Turkey: Old and new concerns
The current account deficit narrowed to –USD1.2bn in August, a 22-month low, but still took the January-August 2017 shortfall to –USD27.2bn which is +19% up from the same period in 2016. The merchandise trade deficit rose by +23% y/y to –USD34bn in the first 8 months of this year while the services surplus increased by +25% to +USD12.1bn, largely thanks to a partial recovery in tourism. Euler Hermes expects the annual current account deficit to rise to -4.7% of GDP in 2017 (from -3.8% in 2016). Meanwhile, net foreign direct investment (FDI) inflows fell to +USD4.9bn in January-August 2017 (-USD0.7bn y/y), covering a meager 18% of the current account deficit, reflecting ongoing weak investor sentiment. The latter got a new hit this week amid an escalating diplomatic dispute between Turkey and the U.S. which has resulted in reciprocal visa bans, for now. The TRY has lost -3% against the USD and EUR since last Friday. Expect financial markets to remain highly volatile.

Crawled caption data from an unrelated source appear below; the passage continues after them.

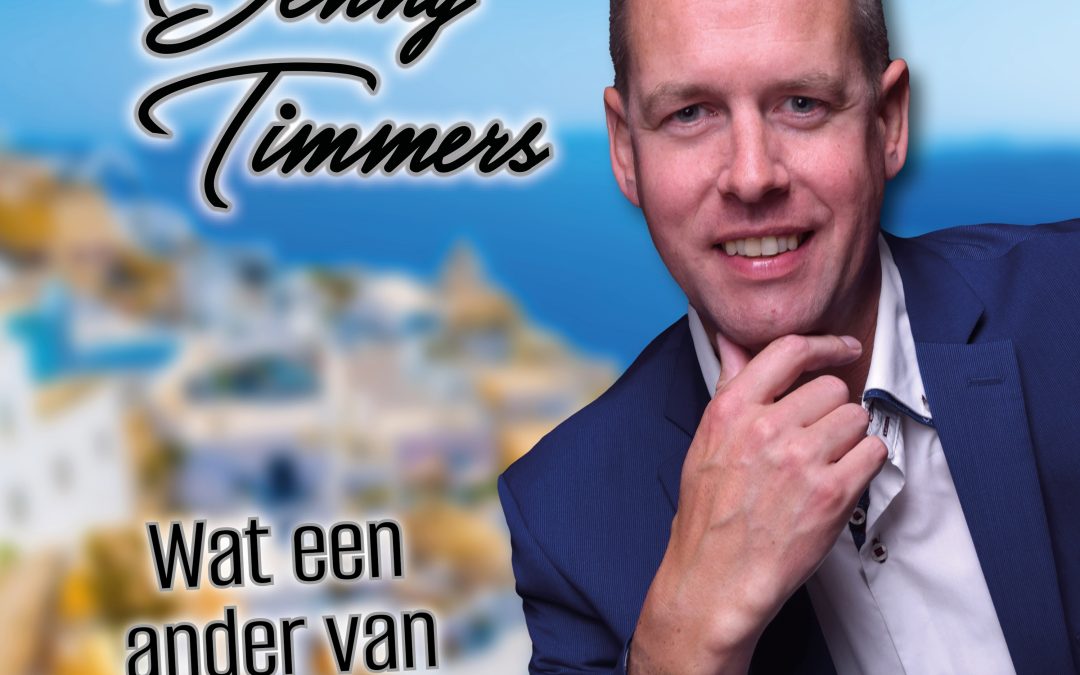 Nieuwe Single: Denny Timmers – Wat Een Ander Van Jou Zegt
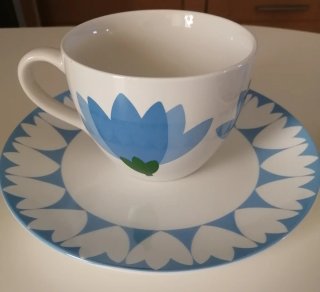 Coppia tazze Mulino Bianco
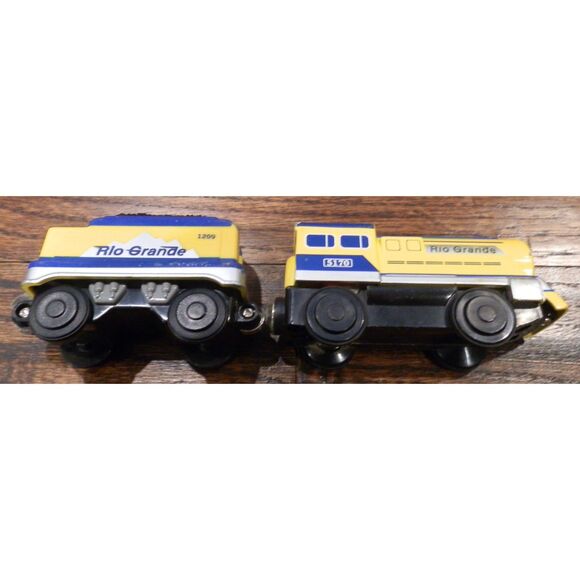 Lionel Rio Grande Train Pack Toy Battery Powered Engine 2001 READ - Picture 3 of 6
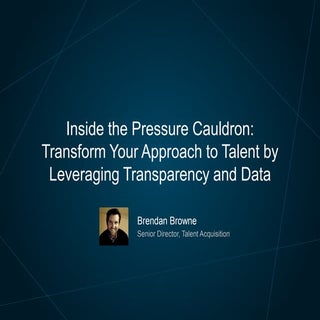 Transform Your Approach To Talent B...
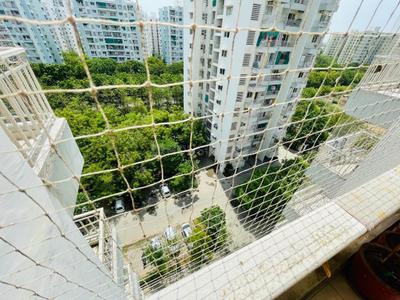 Balcony Image of 1264 Sq.ft 2 BHK Apartment / Flat for rent in Godrej Garden City, Jagatpur Ahmedabad for Rs. 30000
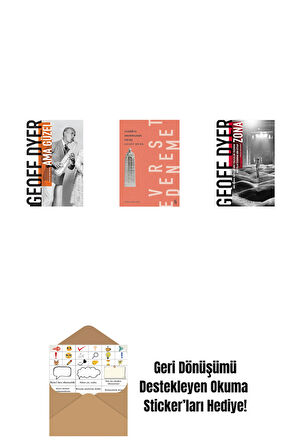 Ama Güzel + Yeniden Anımsanan Savaş + Zona + Okuma Sticker'ları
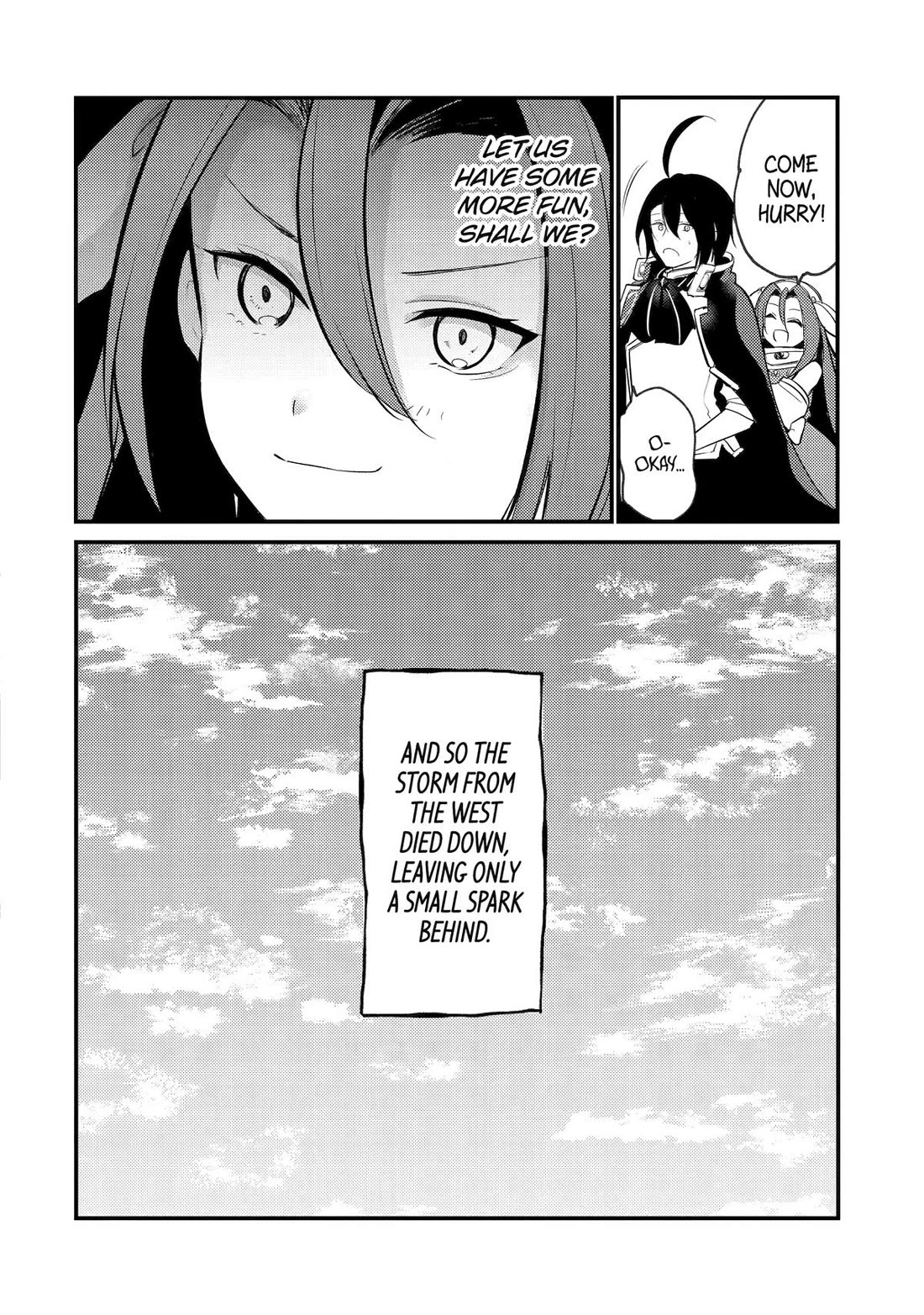 Prince of Genius Rise Worst Kingdom ~Yes, Treason It Will Do~ chapter 40 page 28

Saudi Arabia: In recession
Data released last week by the General Authority for Statistics (GAS) show that real GDP contracted by -1% y/y in Q2 2017, moving the economy into recession after it had already declined by -0.5% y/y in Q1. Demand-side details are not available as yet. Supply-side data show that the oil sector shrank by -1.8% y/y in Q2 while the non-oil sector grew by +0.6%. Within the oil sector, oil extraction dropped by -2.5% y/y, impacted by the November 2016 OPEC agreement to cut oil output, while oil refining rose by +5.8%. Within the non-oil sector, construction (-1.6% y/y) and domestic trade (-0.1%) declined in Q2 while financial and business services (+1.9%), utilities (+1.1%), transport and communication (+0.8%) and agriculture (+0.6%) expanded. We expect the economy to resume growth in H2 due to state spending programs and the slight uptrend in oil prices and forecast full-year GDP growth of +0.5% in 2017, followed by +2% in 2018.
South Korea: When exports go well so does the economy
South Korea’s exports (in USD terms) surged by +35% y/y in September, after +17.3% in August, marking a new monthly record of USD55.1bn. The improvement was driven by a strong performance in the semi-conductor industry which posted exports of USD9.7bn, another monthly record and the first time exceeding USD9bn. In general, the export performance has improved since the end of 2016, helped by a strengthening of global trade. From a destination perspective, exports to China (+23.4% y/y), the U.S. (+28.9%) and the EU (+23%) rose rapidly. Meanwhile, manufacturing sentiment improved in September, reflected by the manufacturing PMI climbing to 50.6 points, up from 49.9 in August. While downside risks are still elevated owing to high tensions with North Korea, we expect the currently strong trade momentum to continue to support the economy. We forecast real GDP to increase by +2.8% in 2017.